**REQUIRED ACTION**
Once the pictures are set aside, transcribe each line of the listing exactly.
[PROVIDED MATERIAL Boundary: Start]
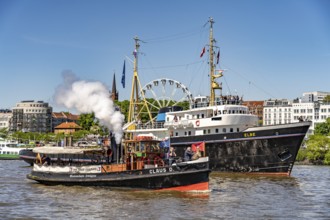 Steam tug Claus D. at the arrival parade of ships and sailboats, Hafengeburtstag Hamburg 2025 in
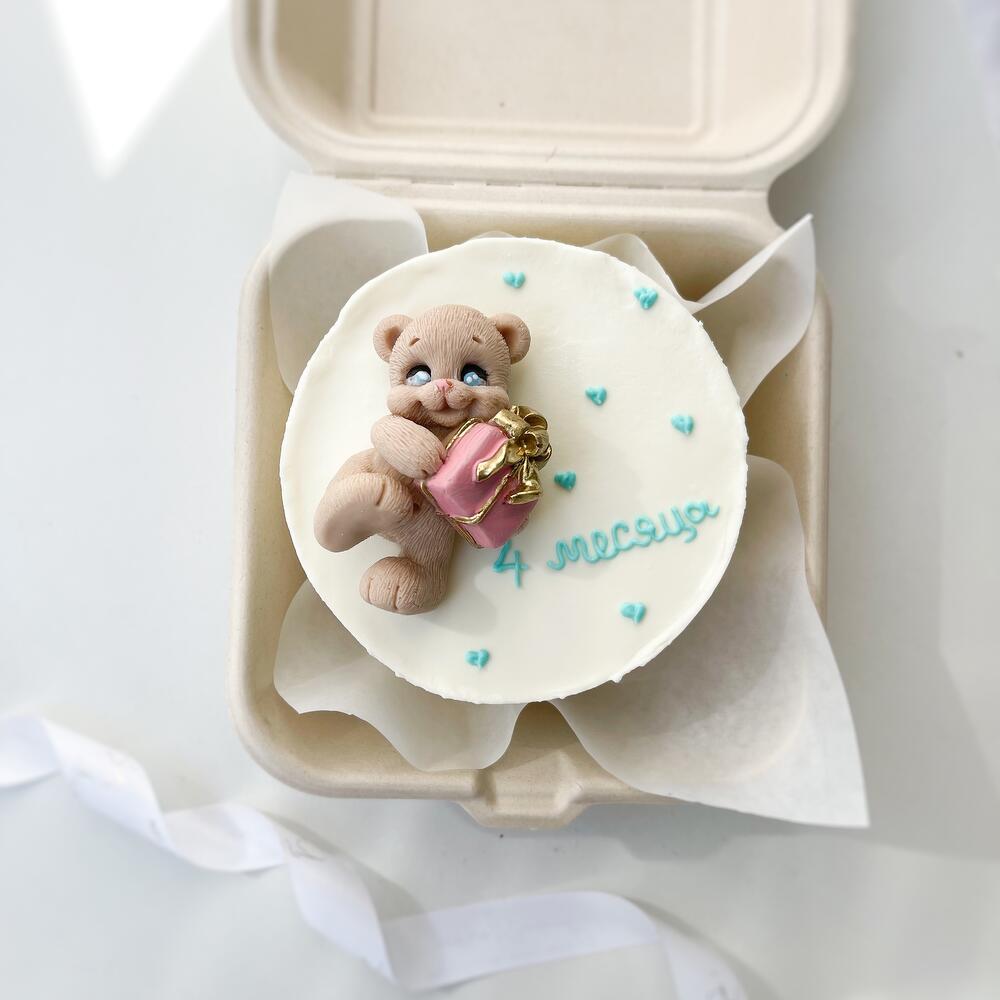 Бенто торт детский с мишкой для мальчика, для девочки, 4 месяца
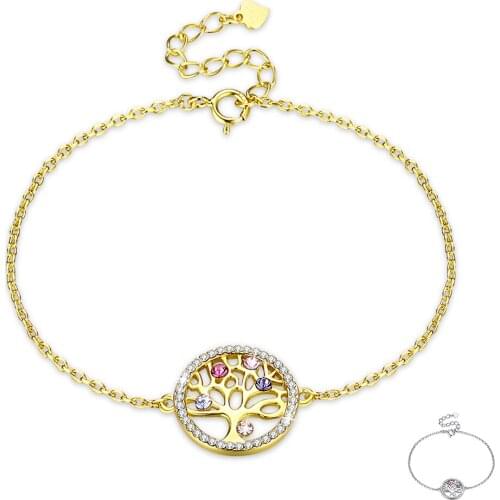 ZEMIOR 925 Sterling Silver Adjustable Bracelets For Women Colorful Life Crystal Tree Austria Crystal Bracelet Party Jewelry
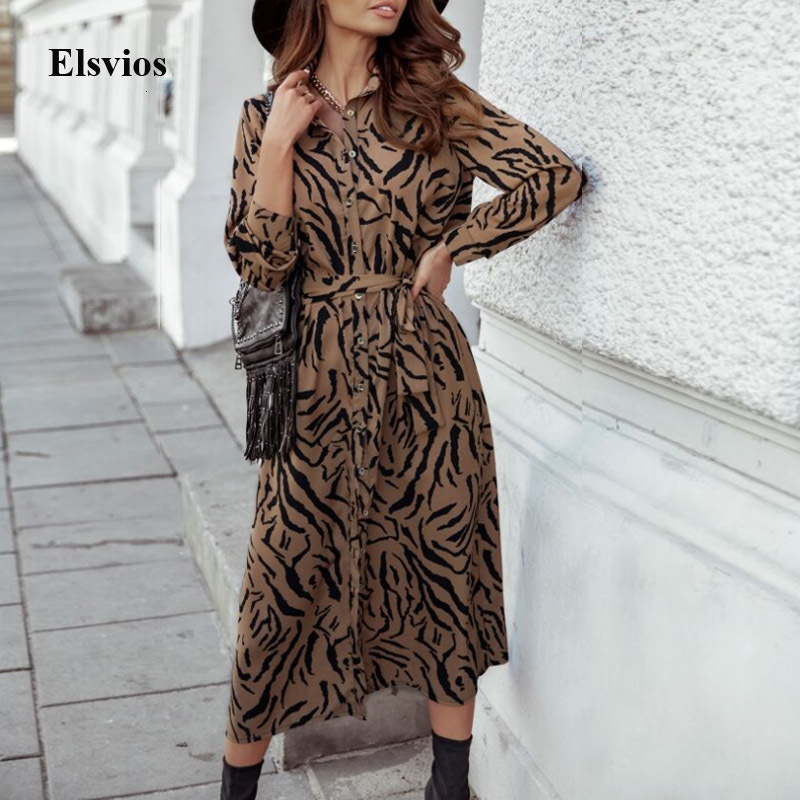 

Casual Dresses Women Bandage Striped Print Long Elegant Turn-Down Collar Sleeve Party Office Ladies Button Shirt 46B4, Floral print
[PROVIDED MATERIAL Boundary: End]
**REPLY**
 Steam tug Claus D. at the arrival parade of ships and sailboats, Hafengeburtstag Hamburg 2025 in
 Бенто торт детский с мишкой для мальчика, для девочки, 4 месяца
 ZEMIOR 925 Sterling Silver Adjustable Bracelets For Women Colorful Life Crystal Tree Austria Crystal Bracelet Party Jewelry

Casual Dresses Women Bandage Striped Print Long Elegant Turn-Down Collar Sleeve Party Office Ladies Button Shirt 46B4, Floral print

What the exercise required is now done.